Nikiichi Tobita (Opens in a new window) hat selbst Erfahrung mit dieser Erzählweise. Er ist als Illustrator sowie Zeichner seit über einem Jahrzehnt aktiv und hat als Manga-Autor u.a. das mehrbändige Fantasy-Abenteuer Monster x Monster (2014) sowie das historische Abenteuer Shinobi Gataki (2016) geschrieben, in dem Ninja gegen Samurai antreten. Hierzulande dürfte er aufgrund fehlender Übersetzungen recht unbekannt sein, aber Elden Ring: Der Weg zum Erdenbaum ist komplett auf Deutsch erhältlich.
Man erlebt die Erzählung quasi wie einen Kommentar eines zunächst verwirrten, aber mit jedem Aufstieg stärkeren Videospielers, der sich natürlich hoffnungslos überschätzt. So kann man sich in einigen Szenen wiedererkennen und schmunzeln.
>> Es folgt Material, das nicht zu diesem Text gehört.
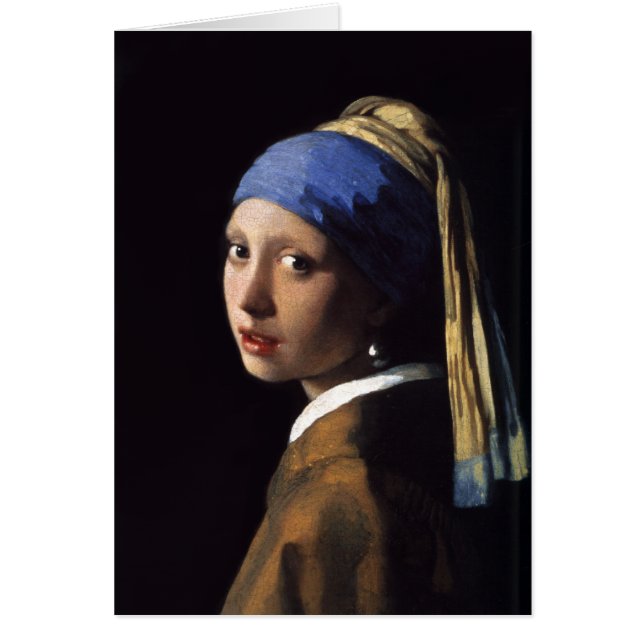 La fille avec une boucle d'oreille de perle par (Devant)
Man merkt an vielen Stellen, dass Tobita selbst gezockt und sich Gedanken gemacht hat. Melina ist übrigens alles andere als überzeugt von diesem "Volltrottel", der ja von Sturmwind ausgewählt wird. Aber mit der Zeit entwickelt sich diese Beziehung.
Interessant sind auch die Situationen, in denen die Sicht zu den Bossen bzw. Halbgöttern wechselt. Etwa als Godrick der Verpflanzte in seinem Schloss Sturmschleier die Körperteilekunst seiner Untertanen verreißt und einen lebenden Befleckten als Versuchskaninchen fordert. Dann wechselt die Story wieder zum Helden, der von der Jagd auf ihn noch nichts ahnt und zum zweiten Mal vom Goldenen Ritter vermöbelt wird, obwohl er sich einbildet, ihn auf Sturmwind besiegen zu können.
Nebenbei erfährt man mehr über die Nichtspielercharaktere, auch wenn man natürlich nicht weiß, inwiefern das zum Kanon gehört. From Software dürfte jedoch seinen Segen gegeben haben, zumal dieser Manga in Japan von der eigenen Mutter, der Kadokawa Corporation herausgebracht wird. Apropos: Wohin ist Königin Marika nach der Nacht der Schwarzen Messer verschwunden, als Godwyn der Goldene umgebracht wurde? Wie haben sich die Halbgötter verhalten?
Auch auf diese entfernten Hintergründe dürfte der Manga neben der chronologischen Abfolge der Story einiges an Licht werfen. Oder zumindest so viel, dass man vor der Erweiterung nochmal erzählerisch verwurzelt wird. Ich habe den Kauf jedenfalls nicht bereut, die etwas über 170 Seiten in einem Schwung durchgeschmökert und werde mir die kommenden Bände zulegen. Am 28. August geht es in Teil 2 weiter; ein dritter Teil ist schon mit einem Cover, aber ohne Termin angekündigt.